The Compensation and Leadership Development Committee of the Board has adopted an executive compensation recovery policy applicable to executive officers. Under this policy, the Company may recover incentive income that was based on achievement of quantitative performance targets if an executive officer engaged in grossly negligent conduct or intentional misconduct that resulted in a financial restatement or in any increase in his or her incentive income. Incentive income includes income related to annual bonuses and long term incentives.
The Governance Committee considers and makes recommendations to the Board regarding committee size, structure, composition and functioning. The Board, upon the recommendation of the Governance Committee in consultation with the Chairman of the Board, elects members to each committee and each committee’s Chair.
The Board currently has four standing committees: Audit Committee, Governance Committee, Compensation and Leadership Development Committee, and Environment, Health, Safety and Technology Committee. Each standing committee shall adopt a written charter describing its duties. The charters shall be available on the Company's corporate governance website.

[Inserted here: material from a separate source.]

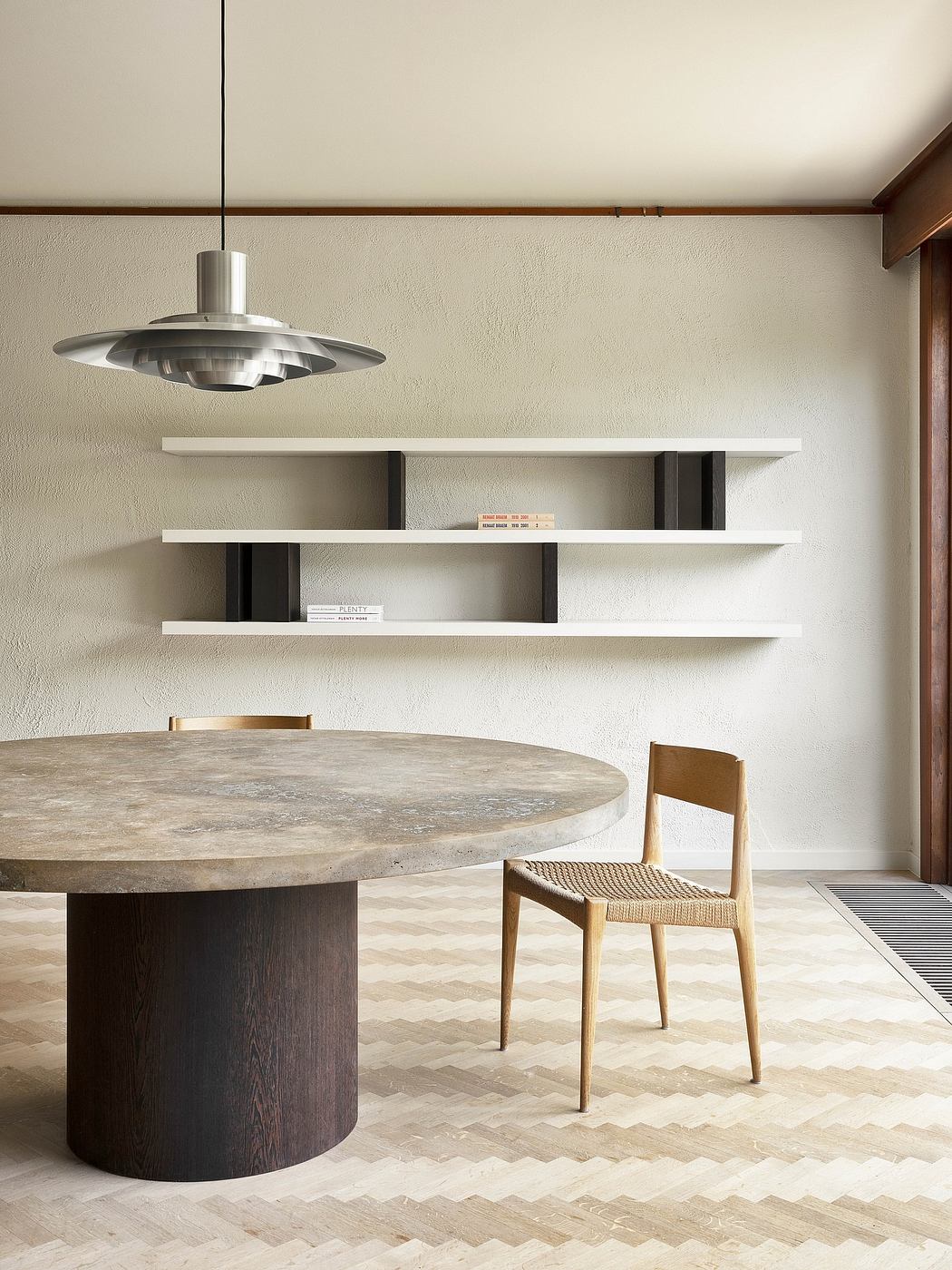 A modern dining space with a round stone table, woven wood chair, and minimalist shelving.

Regular meetings of the Board of Directors shall be held at such times and places as determined by the Board. The frequency of committee meetings shall be set forth in each committee's charter. Additional meetings of the Board and its committees shall be held in circumstances that create the need for a special meeting.
The Chairman of the Board and the Lead Director shall establish the agenda for Board meetings. Similarly, the committee chairs shall establish the committee agendas.

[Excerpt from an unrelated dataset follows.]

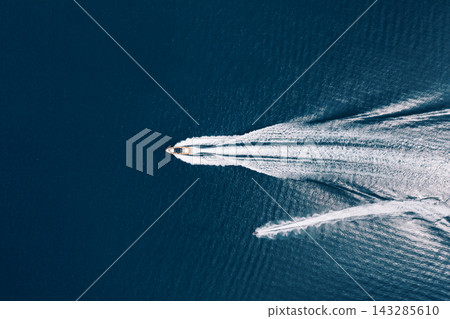 Speedy vessel slicing peaceful waters. Speedboat swiftly carving through tranquil sea surface Speedy vessel slicing peaceful waters. Speedboat swiftly carving through tranquil sea surface 143285610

The Board and its committees shall be provided with appropriate materials in advance of each meeting.
The Board has responsibility for overseeing the strategic planning process and reviewing and monitoring management’s execution of the corporate and business plan. Annually, the Board receives the strategic plan and critical issues and opportunities from senior management.

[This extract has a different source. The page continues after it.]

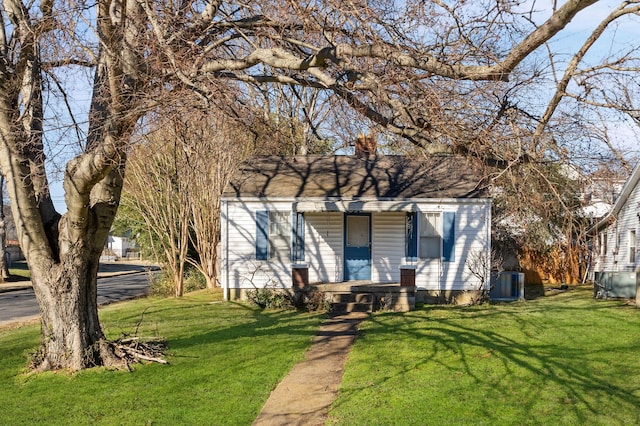 view of front of house with a front yard and central AC unit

The Board recognizes that the leadership structure and combination or separation of the CEO and Chairman roles is driven by the needs of the Company. As a result, no policy exists requiring combination or separation of leadership roles. Currently, the roles of Chairman and CEO are combined.
The independent Directors shall elect one Director (who has served at least one full year on the Board) from among their membership as Lead Director. Responsibilities of the Lead Director shall include: leadership of executive sessions of the non-management Directors or other meetings at which the Chairman is not present; authority to call meetings of the independent Directors; working with the Chairman to call Board meetings; serving as a liaison between the Chairman and the independent Directors as required; working with the Chairman to set and approve the Board schedule and agenda to assure sufficient time for discussion of all agenda items; determine the appropriate materials to be provided to the Board; consulting with other Directors and facilitating communications between the Board and the CEO; serving as focal point for shareholder communications and requests for consultation addressed to independent members of the Board; ability to retain outside professionals on behalf of the Board as the Board may determine is necessary or appropriate; and such other functions as the Board may direct.
The non-management Directors shall meet in executive sessions in connection with each regularly scheduled meeting of the Board, and at other times as they may determine is appropriate.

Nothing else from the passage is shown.